• **Captioned web image data**

[Start of Attachment]

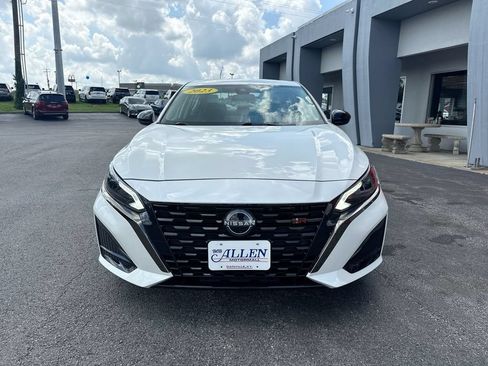 Used 2023 Nissan Altima 2.5 SR w/ SR Premium Package AWD/4WD image 16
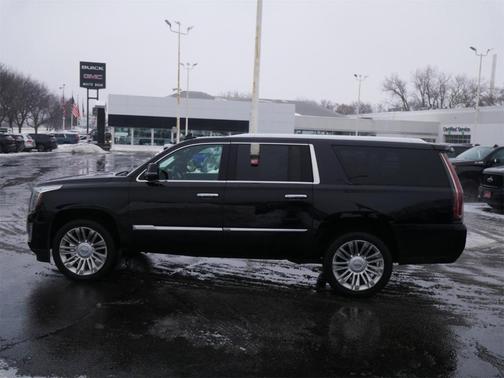 2019 Cadillac Escalade ESV Platinum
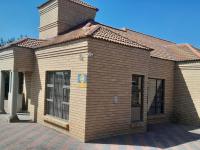 4 Bedroom 3 Bathroom House for Sale for sale in Bedworth Park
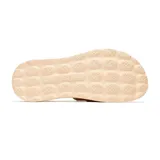 Sandalia color beige con plataforma y tira ancha con hebilla ajustable.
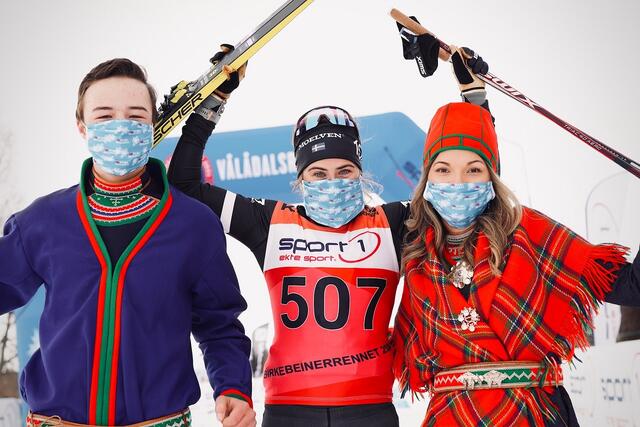 Ebba Andersson etter å ha avgjort stakeduellen med Emilie Fleten i Vålådalen lørdag. (Foto fra Visma Ski Classics facebookside)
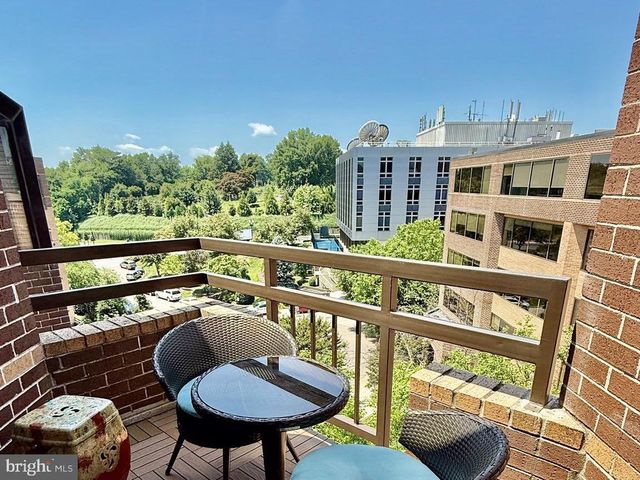 2111 WISCONSIN AVE NW #710, Washington, DC 20007
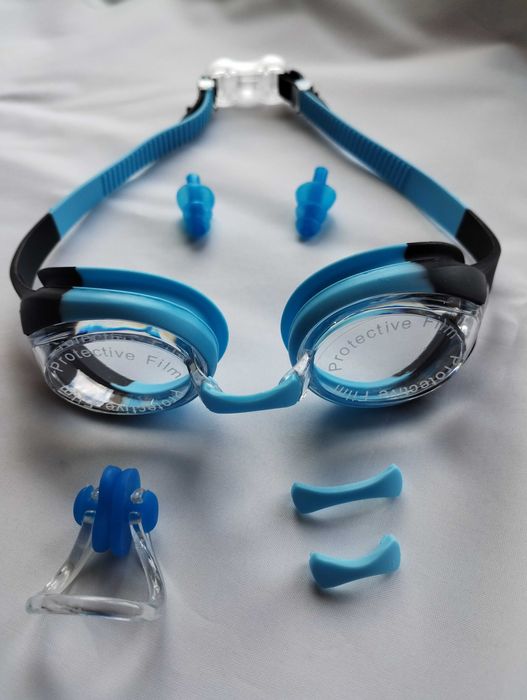Okulary pływackie dla dzieci 3-13 lat z pełnym zestawem akcesoriów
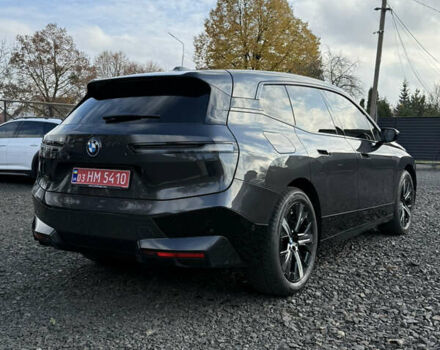 Чорний БМВ iX, об'ємом двигуна 0 л та пробігом 66 тис. км за 59900 $, фото 8 на Automoto.ua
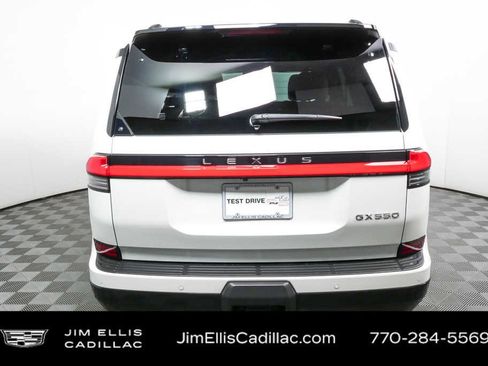 Used 2024 Lexus GX 550 w/ Accessory Package (2T) AWD/4WD image 25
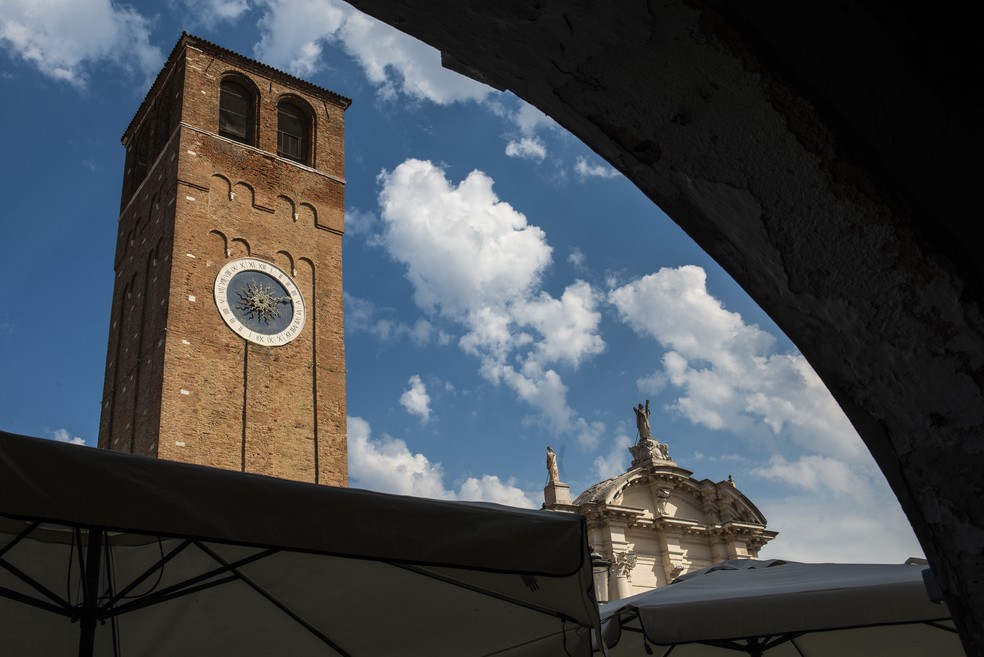 A Torre dell’orologio San Andrea em Chioggia: cidade tem recebido turistas de navios de cruzeiros que não podem mais parar em Veneza — Foto: Susan Wright/The New York Times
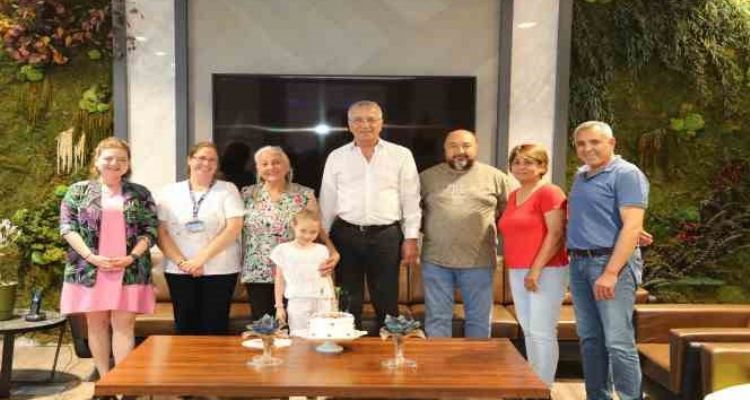 Belediye faaliyetlerine gönüllü olarak katılan Mina'ya doğum günü sürprizi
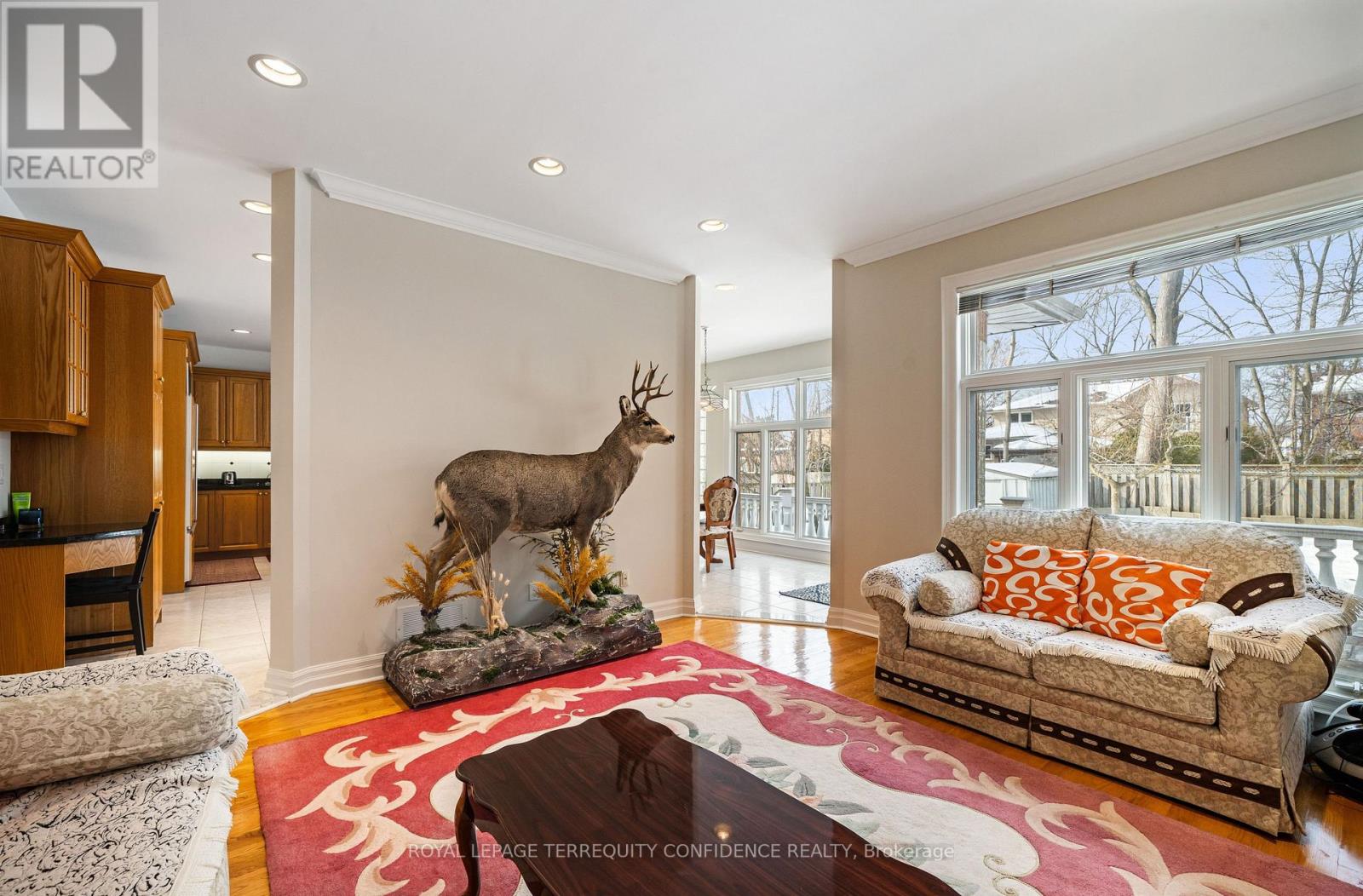 Property at 430 HOUNSLOW AVENUE image 2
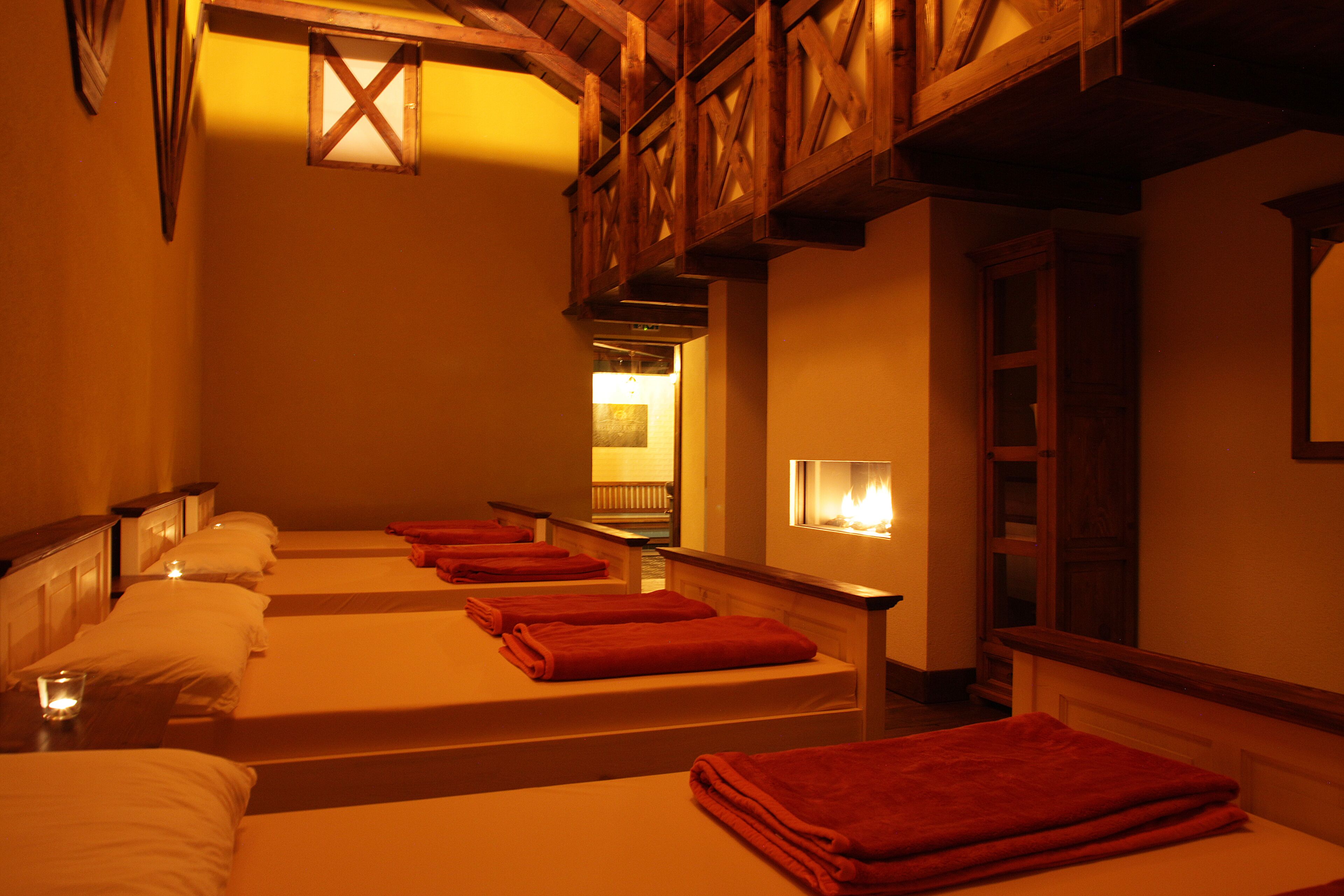 1 treatment room, massages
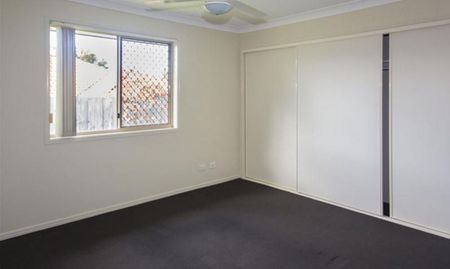 Spacious Home in the Heart of Upper Coomera - Photo 4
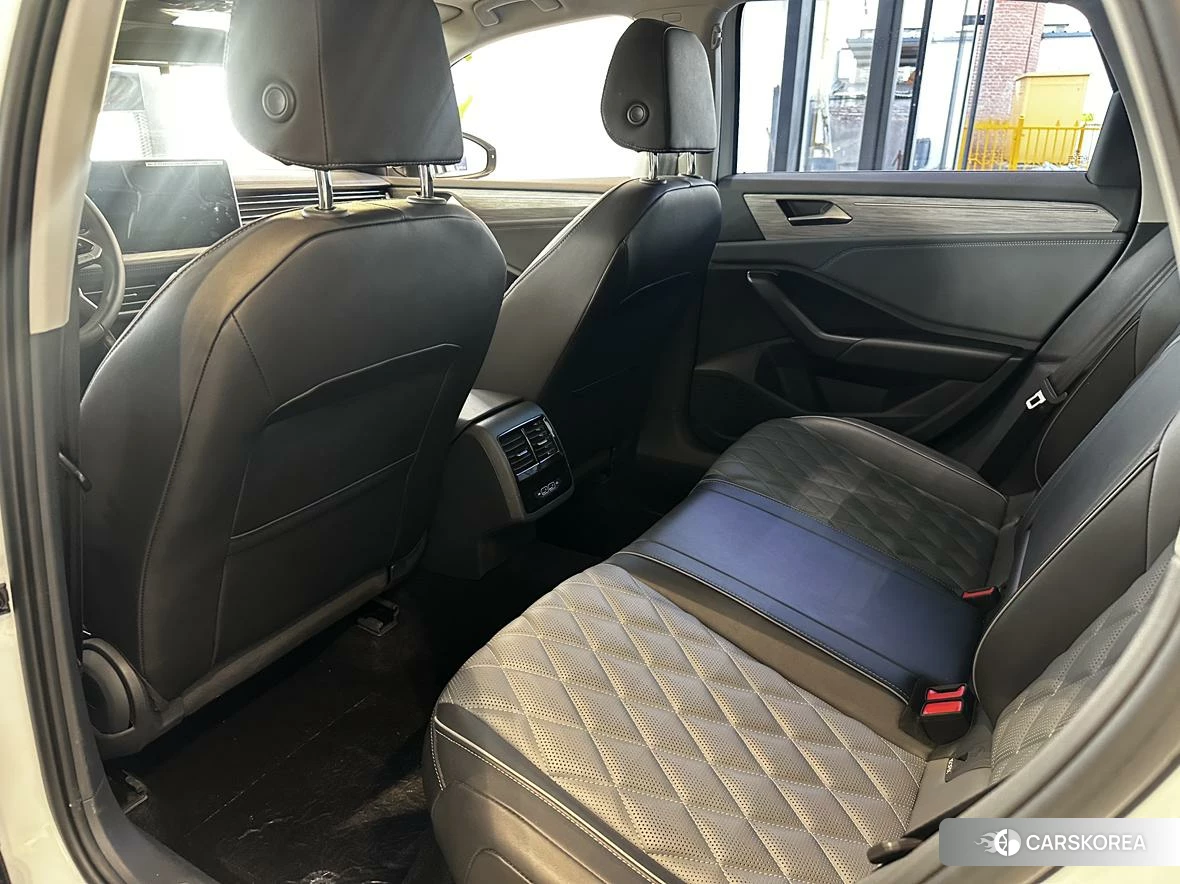 Volkswagen Sagitar id 4487129 из Китая 10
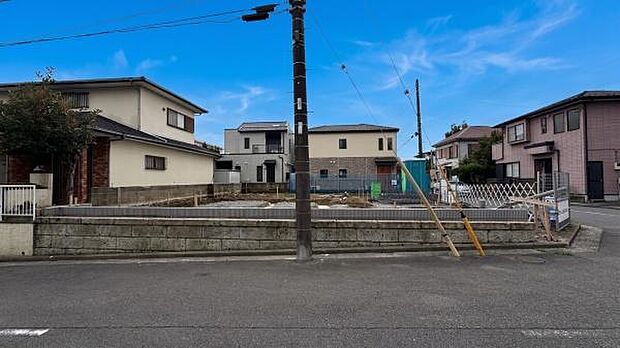 《前面道路》 ■道路と敷地はフラットな地形です。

[End of Attachment]

• **DIRECTIONS FOR THIS TASK**
Copy word for word only the lines above from the one with "Sandalia color beige" through the one with "2111 WISCONSIN AVE". Leave pictures out.

• **TASK OUTPUT**
 Sandalia color beige con plataforma y tira ancha con hebilla ajustable.
 Ebba Andersson etter å ha avgjort stakeduellen med Emilie Fleten i Vålådalen lørdag. (Foto fra Visma Ski Classics facebookside)
 2111 WISCONSIN AVE NW #710, Washington, DC 20007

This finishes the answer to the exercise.